Just This Once is a new novel about sex, drugs, and power, with an odd author’s credit. Instead of “By Scott French” it reads: “As told to Scott French.” French is a Northern California writer, computer buff, and fan of Jacqueline Susann, whose Valley of the Dolls is the best- selling American novel of all time. Using his Macintosh IIcx computer and an artificial-intelligence program, French claims to have created a novel such as Susann would have written were she still alive. Just This Once is “the first novel,” he says, “ever written by a computer.”

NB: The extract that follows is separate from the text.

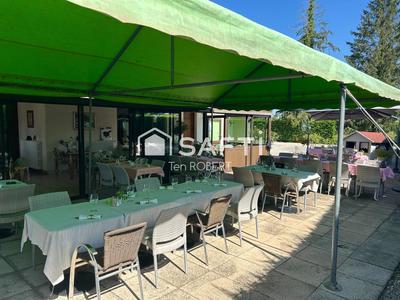 Local commercial - 248 m²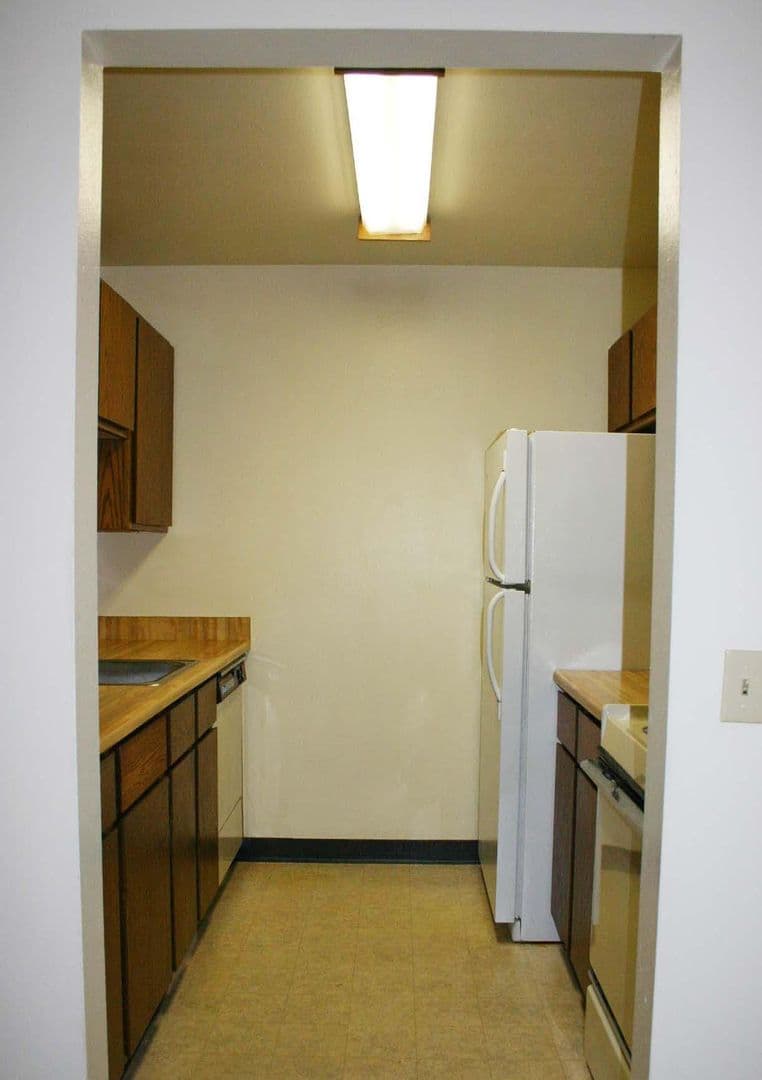 Fitchburg Apartment: 2350 Chalet Gardens Road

Over several years, French analyzed the components that created Susann’s specific style. He then supplied the computer with a basic plot, scenes, and characters. “I wrote several thousand rules to describe my characters,” says French, “and then as the plot developed the computer told me what Ms. Susann would likely have written under the circumstances were the story hers.”
There have been grumblings from the inheritors of Susann’s estate, who apparently want part of the proceeds from Just This Once, but French and his publisher Steven Schragis are confident that they are on solid legal ground. “My book,” French insists, “does not duplicate Susann’s writing. It is simply and magically reminiscent of America’s most popular novelist.”
French’s Mac is still humming. When asked about his next project, he grins and says, “I really enjoy Tom Clancy’s work.”